Zum anderen ist das Line-up so retro wie unsere Instagram-Feeds und ein großer Teil der »aktuellen« Trends in den Läden. Neunzigerjahre, 2000er, da passen die Hip-Hop-Größen, die ihre ersten Hits in jenen Dekaden hatten, perfekt ins Bild. Allerdings traten sie (leider? glücklicherweise?) nicht vollständig im entsprechenden Look auf. Modisch war das heute Nacht im Vergleich zu Jennifer Lopez vor zwei Jahren, die an der Polestange mal eben ihren pinkfarbenen Rock von sich riss, eine ganz andere Nummer.
Im Grunde war das beste Unterhaltung für die ganze Familie, für jeden was dabei. Auf einigen der Bilder sieht es sogar so aus, als wäre das hier nicht »Los Angeles Rams vs. Cincinatti Bengals« sondern »LA Dadcore vs. Paradiesvögel«. Eminem, Kendrick Lamar und Dr.
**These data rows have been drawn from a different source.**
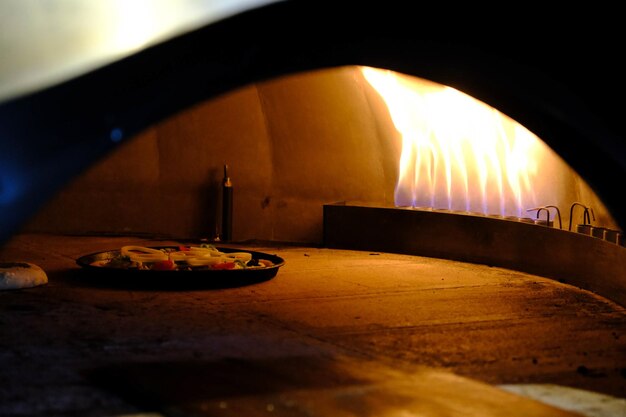 Horno de pizza tradicional de leña restaurante de pizza fabricación de pizza  clásica de leña con horno de piedra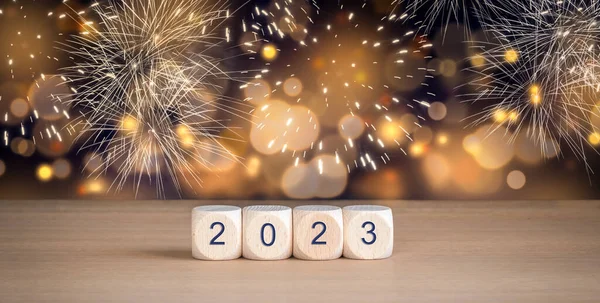 2023 Holzwürfel Mit Jahreszahl Neujahrsfeier Mit Feuerwerk Und Abstraktem Defokussiertem — Stockfoto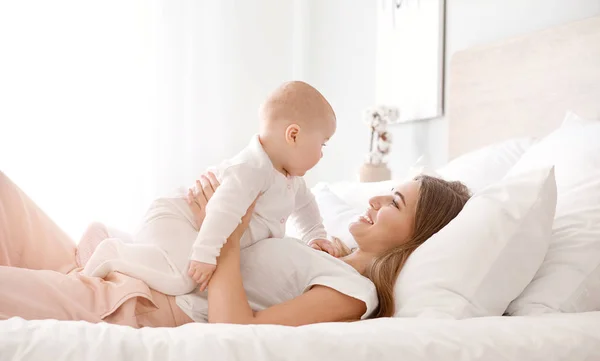 Mutlu anne ve evde küçük şirin bir bebek. — Stok fotoğraf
Dre traten ganz in Schwarz auf, Eminem mit Kapuzenpulli und Bomberjacke, Lamar mit einem goldbehängten Jackett, Dre mit einem Lederblouson, der ihm fast etwas Seniorenhaftes verlieh. 50 Cent hing kopfüber im weißen Muscleshirt mit Stirnband und dicker »50«-Kette, bevor er ebenfalls zu Schwarz wechselte.
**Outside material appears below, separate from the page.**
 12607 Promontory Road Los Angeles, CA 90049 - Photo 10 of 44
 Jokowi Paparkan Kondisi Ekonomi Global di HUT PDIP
Mary J. Blige dagegen – einzige Frau im Ensemble – trat in einem Outfit von Peter Dundas auf, der mal bei Roberto Cavalli angestellt war, und schon für Shakira vor zwei Jahren tätig geworden war. Ein silberner Body mit Leoprint aus Discokugel-Mosaiken. Dazu Cowboyhut, fingerlose Handschuhe und Overkneestiefel im gleichen Look. Irgendwo zwischen »Rodeo meets Bling-Bling« für alle Zuschauer, deren Adrenalinspiegel in der Halbzeitpause immer ein bisschen abzusinken droht. Dazu Snoop Dogg an ihrer Seite, der wahrscheinlich einzige Mann auf dieser Welt, der mit 50 ernsthaft einen blauen Mandala-Strampler mit gelben Kontraststreifen tragen kann (wobei das blaue Paisley-Muster eine Referenz an die Gang Rollin' 20's Crips ist, in der Snoop Dogg in seiner Jugend Mitglied war). Allein für diese Bandbreite möchte man eigentlich die nächsten Jahre immer mehrere Künstler auf dieser Bühne haben.
Kanye West übrigens, der mit seinen Kindern auf der Tribüne saß, kommentierte das Geschehen eifrig. Seine bisherige Anzahl von Superbowl-Auftritten: null.